Try simulating rolls of dice by generating random numbers between 1 and 6. If you add up the rolls from 5 independent dice rolls, you'll get a surprisingly good approximation to the normal distribution. You can roll more dice if you'd like and you'll get a better approximation.
Here's an article that explains why this works. It's probably more mathematical detail than you want, but you could show it to someone to justify your approach.

If what you want is the value of the probability density function, p(x), of a normal (Gaussian) distribution of mean mu and standard deviation sigma at x, the formula is
p(x) = exp( ((x-mu)^2)/(2*sigma^2) ) / (sigma * 2 * sqrt(pi))
where pi is the area of a circle divided by the square of its radius (approximately 3.14159...).
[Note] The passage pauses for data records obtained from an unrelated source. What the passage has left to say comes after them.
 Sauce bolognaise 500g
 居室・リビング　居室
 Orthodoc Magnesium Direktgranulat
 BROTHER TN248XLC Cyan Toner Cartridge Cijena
Using the C standard library math.h, this is:
#include <math>
double normal_pdf(double x, double mu, double sigma) {
double n = sigma * 2 * sqrt(M_PI); //normalization factor
p = exp( -pow(x-mu, 2) / (2 * pow(sigma, 2)) ); // unnormalized pdf
return p / n;
}
Of course, you can do the same in Objective-C.
For reference, see the Wikipedia or MathWorld articles.

It sounds like you want to write a function that yields a curve of a specific shape. Something like y = f(x), for x in [0:10]. You have a constraint on the max value of y, and a general idea of what you want the curve to look like (somewhat bell-shaped, y=0 at the edges of the x range, y=5 when x=5). So roughly, you would call your function iteratively with the x range, with a step that gives you enough points to make your curve look nice.
So you really don't need random numbers, and this has nothing to do with probability unless you want it to (as in, you want your curve to look like a the outline of a normal distribution or something along those lines).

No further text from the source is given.